HUFNAGL: Die Ursache ist der Leistungsdruck und die Angst vor dem Versagen. Diese Angst wiederum wird durch Globalisierung und Digitalisierung befeuert. Durch die Digitalisierung sind Dinge in einer viel schnelleren Geschwindigkeit möglich. Und: Durch die Globalisierung arbeiten mehrere Menschen gleichzeitig an einem Produkt. Daraus entsteht Druck und Angst. Wir versuchen, Dinge gleichzeitig zu tun, weil wir durch die innere Getriebenheit den Beruhigungsmodus anstreben.

Beruhigung durch Getriebenheit - wie soll das gehen?

HUFNAGL: Das bedeutet, dass wir nur so lange an einer Aufgabe arbeiten, bis wir uns beruhigt haben - dann arbeiten wir woanders weiter. Im Schnitt arbeiten wir nur elf Minuten am Stück an einer Tätigkeit. Ein Teil des Gehirns ist sich immer all der Dinge gewahr, die Sie noch erledigen müssen, und Sie verspüren Angst, nicht rechtzeitig fertig zu werden. Daher arbeiten Sie so lange an dieser Aufgabe, bis diese Angst weg ist. Und dann steigt wieder die Bereitschaft, sich ablenken zu lassen.

Bernd Hufnagl, Neurobiologe. Buch: „Besser fix als fertig“
Bernd Hufnagl, Neurobiologe. Buch: „Besser fix als fertig“ © kk

Doch wir sehen das nicht nur im Berufsleben: Auch abends, auf der Couch, läuft nicht nur der Fernseher. Gleichzeitig hat man das Handy in der Hand, textet mit Freunden oder scrollt sich durch Social-Media-Seiten. Übertragen wir die Fahrigkeit vom Arbeitsplatz aufs Privatleben?

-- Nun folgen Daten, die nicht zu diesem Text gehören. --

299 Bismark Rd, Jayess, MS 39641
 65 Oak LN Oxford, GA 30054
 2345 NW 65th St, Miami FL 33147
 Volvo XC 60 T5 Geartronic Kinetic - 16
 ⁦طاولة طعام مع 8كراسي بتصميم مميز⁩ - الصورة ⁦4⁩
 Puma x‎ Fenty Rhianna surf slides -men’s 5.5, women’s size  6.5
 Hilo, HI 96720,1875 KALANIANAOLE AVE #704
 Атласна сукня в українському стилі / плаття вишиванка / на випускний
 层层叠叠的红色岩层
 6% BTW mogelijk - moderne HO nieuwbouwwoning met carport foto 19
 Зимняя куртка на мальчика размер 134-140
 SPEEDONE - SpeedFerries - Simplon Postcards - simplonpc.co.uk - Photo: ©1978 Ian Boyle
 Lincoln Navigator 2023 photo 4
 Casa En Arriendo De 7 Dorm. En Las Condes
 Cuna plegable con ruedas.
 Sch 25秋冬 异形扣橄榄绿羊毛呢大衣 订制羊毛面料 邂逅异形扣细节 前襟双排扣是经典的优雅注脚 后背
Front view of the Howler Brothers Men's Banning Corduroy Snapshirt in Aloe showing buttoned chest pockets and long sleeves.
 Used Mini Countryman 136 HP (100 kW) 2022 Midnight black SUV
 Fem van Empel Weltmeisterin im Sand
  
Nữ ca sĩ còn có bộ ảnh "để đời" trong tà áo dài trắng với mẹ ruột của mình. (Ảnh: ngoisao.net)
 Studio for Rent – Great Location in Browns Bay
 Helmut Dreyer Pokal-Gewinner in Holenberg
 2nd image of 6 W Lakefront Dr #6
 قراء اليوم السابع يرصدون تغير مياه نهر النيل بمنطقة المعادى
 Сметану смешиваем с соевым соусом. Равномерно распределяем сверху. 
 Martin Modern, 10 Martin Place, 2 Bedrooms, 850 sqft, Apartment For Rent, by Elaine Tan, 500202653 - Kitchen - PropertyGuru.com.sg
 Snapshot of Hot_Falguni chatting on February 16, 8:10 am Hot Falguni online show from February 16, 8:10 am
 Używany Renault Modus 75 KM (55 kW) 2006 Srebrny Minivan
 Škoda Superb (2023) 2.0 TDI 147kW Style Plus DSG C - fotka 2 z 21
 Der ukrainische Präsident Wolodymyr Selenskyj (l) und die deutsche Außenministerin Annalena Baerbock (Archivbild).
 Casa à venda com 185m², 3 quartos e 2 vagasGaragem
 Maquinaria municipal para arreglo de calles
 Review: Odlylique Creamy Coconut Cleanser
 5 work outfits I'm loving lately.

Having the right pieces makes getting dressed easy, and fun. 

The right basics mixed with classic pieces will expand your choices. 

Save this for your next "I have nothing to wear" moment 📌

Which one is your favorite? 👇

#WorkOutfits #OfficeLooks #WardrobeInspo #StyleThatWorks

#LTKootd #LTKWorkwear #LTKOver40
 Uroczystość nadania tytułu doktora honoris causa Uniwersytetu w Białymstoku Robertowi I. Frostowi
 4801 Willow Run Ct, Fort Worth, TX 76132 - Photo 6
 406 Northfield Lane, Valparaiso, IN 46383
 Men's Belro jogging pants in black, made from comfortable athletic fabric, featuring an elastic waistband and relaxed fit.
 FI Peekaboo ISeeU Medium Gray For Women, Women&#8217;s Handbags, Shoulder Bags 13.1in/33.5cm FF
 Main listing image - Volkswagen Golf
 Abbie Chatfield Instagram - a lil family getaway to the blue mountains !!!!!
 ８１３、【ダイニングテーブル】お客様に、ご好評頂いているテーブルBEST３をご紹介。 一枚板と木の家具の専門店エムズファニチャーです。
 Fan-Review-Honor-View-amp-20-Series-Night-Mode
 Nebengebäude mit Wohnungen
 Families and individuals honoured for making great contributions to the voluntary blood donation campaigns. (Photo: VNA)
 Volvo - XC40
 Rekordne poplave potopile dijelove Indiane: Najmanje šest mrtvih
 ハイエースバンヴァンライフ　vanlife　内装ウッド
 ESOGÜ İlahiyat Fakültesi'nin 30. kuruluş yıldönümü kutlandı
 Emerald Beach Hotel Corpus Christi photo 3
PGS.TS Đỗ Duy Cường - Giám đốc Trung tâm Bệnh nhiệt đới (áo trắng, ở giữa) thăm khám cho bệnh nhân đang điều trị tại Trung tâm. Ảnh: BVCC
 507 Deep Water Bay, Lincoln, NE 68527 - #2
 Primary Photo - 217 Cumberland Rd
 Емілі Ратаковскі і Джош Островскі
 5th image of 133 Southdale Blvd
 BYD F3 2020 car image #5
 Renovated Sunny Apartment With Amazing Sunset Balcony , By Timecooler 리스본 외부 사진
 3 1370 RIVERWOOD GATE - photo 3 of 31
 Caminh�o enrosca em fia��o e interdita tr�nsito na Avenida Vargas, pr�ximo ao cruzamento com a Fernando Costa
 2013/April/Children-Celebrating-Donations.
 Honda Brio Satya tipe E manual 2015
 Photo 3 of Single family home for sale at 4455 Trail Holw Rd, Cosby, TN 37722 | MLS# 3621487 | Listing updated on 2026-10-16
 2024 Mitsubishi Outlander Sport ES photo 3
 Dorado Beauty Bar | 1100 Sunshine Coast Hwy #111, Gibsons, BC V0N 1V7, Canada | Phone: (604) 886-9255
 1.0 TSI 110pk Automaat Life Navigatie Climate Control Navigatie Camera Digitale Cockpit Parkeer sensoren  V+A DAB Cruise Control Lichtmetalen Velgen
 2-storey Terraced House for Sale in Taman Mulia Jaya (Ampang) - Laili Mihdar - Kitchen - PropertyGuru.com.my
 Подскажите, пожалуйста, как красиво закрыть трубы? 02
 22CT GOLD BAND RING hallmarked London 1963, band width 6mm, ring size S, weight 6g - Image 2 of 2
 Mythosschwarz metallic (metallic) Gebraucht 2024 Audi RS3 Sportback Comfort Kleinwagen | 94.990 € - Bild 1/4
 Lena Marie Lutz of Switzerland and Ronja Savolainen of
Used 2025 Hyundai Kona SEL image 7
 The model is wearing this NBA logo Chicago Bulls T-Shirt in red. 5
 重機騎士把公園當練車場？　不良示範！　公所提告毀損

HUFNAGL: Ja, das Gehirn lernt bestimmte Verhaltensweisen. Daraus ergeben sich zwei Folgen: Erstens wird Ihnen ständig langweilig, wenn Sie nur eine Sache tun. Viel schlimmer ist aber die zweite Konsequenz: Wenn wir viel Arbeit leisten, produzieren wir eigentlich das Belohnungshormon Dopamin. Wenn wir durch die vielen Aufgaben aber das Gefühl haben, wir werden nie fertig, bleibt auch die Belohnung aus. Wir haben aber eine Hintertür geschaffen, die Hintertür des Shoppens, des Medienkonsums, des Ablenkens. Das ist fatal, denn wenn die Anstrengung vom Lustgewinn entkoppelt wird, ist Arbeit nur noch anstrengend und nicht mehr belohnend. Die gute Stimmung bekommen wir dann nur noch durchs Konsumieren. So entsteht gefährliches Suchtverhalten.

Welche Auswirkungen kann der Versuch des „alles gleichzeitig“ haben?

HUFNAGL: Es gibt Nebenwirkungen: Sie unterhalten sich mit jemandem und während der andere spricht, denken Sie schon an etwas ganz anderes. Wir tun uns immer schwerer, zuzuhören oder Bücher bis zum Ende zu lesen. Wir sehen auch immer mehr Fälle von ADHS-ähnlichen Symptomen bei Erwachsenen. Ich treffe Manager, die können nicht mehr ruhig sitzen und können nicht mehr aufmerksam zuhören.

Sie propagieren in Ihren Vorträgen das Tagträumen: Warum ist das so wichtig?

HUFNAGL: Durch die permanente Überforderung verlernen wir, loszulassen. Wir steigern uns rein, dramatisieren, schimpfen. Es bleibt keine Zeit mehr, die Gedanken ohne Ziel laufen zu lassen. Doch dieses Tagträumen ist so wichtig, da wir nur in diesem Zustand von außen auf unser Leben blicken können. Habe ich den richtigen Partner? Was mache ich mit meinem Geld? Welche Meinung vertrete ich?

Wie können wir das Tagträumen wieder ins Leben bringen?

HUFNAGL: Achtsamkeit ist der Schlüssel: Das kann man durch Entspannungstechniken erreichen oder Sie machen Sport oder Musik. Selbst Rasenmähen kann entspannend sein.